Chevron Expulsion From Brazil 'Unlikely,' Says Petrobras
Brazilian oil company Petrobras, which helps U.S.-based Chevron develop offshore oil fields in Brazil, said regulators there are not likely to shut down Chevron's operations in the Frade oil field in the wake of oil spills.
The comments were made during a call with investors, as Chevron executives face possible jail time and the company risks billions in environmental fines for two separate and minor oil leaks found near Chevron's operations.
In November, a company appraisal well ruptured the sea floor, allowing 2,400 to 3,000 barrels of oil to escape in the ocean. In March, another leak was reported in the same general vicinity as the first, with an amount estimated at one barrel of oil seeping from the ocean floor.

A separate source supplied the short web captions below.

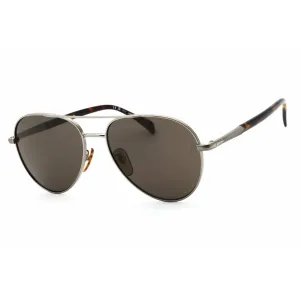 David Beckham Men's Sunglasses - Ruthenium Havana Metal Frame | DB 1118/G/S 031Z IR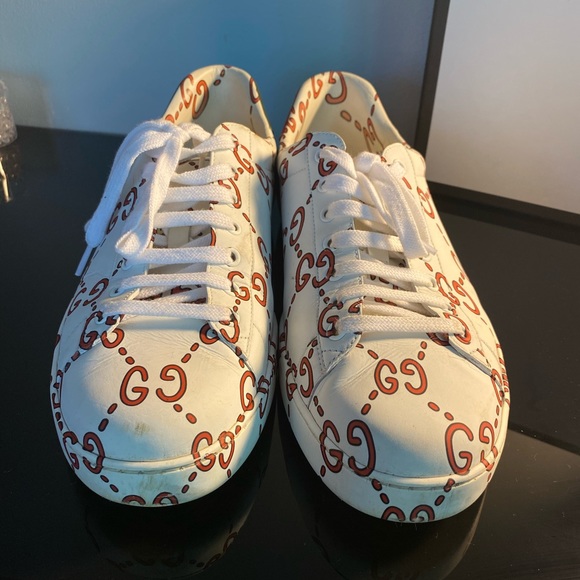 Gucci Aces Sneakers - Picture 3 of 3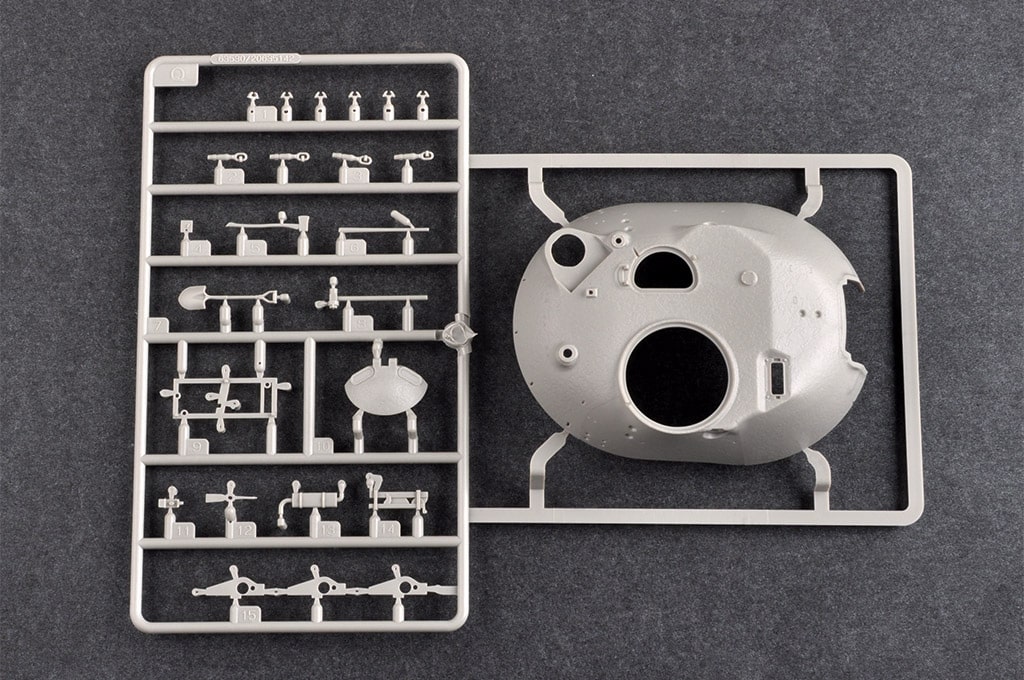 135 M48A1 MBT Part-5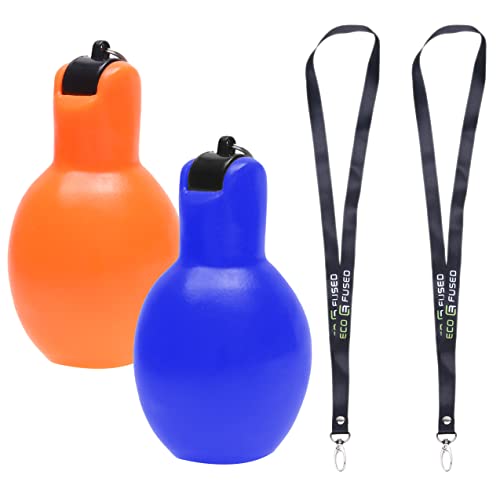 Blue & Orange - 2 Pack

Brazilian prosecutors are charging Chevron with an $11 billion fine for each leak. In total, the Brazilian spills are less than 1 percent of the oil spilled during BP's Deepwater Horizon accident of 2010 in the Gulf of Mexico, the worst environmental disaster in U.S. history.
But despite the ongoing lawsuits, Petrobras' exploration and production director Jose Formigli said Brazil is unlikely to shut down Chevron's operations, which could restart after investigations into the causes of the November spill are complete, Reuters reported.
Late in March, Brazilian Energy Minister Edison Lobao said neither spill was large enough to warrant the company's expulsion.
Chevron has estimated the Frade field could hold as much as 300 million barrels of recoverable oil, and it first started producing oil there in 2009.
In Thursday trading in New York, Chevron was up $1 to $101.10 a share.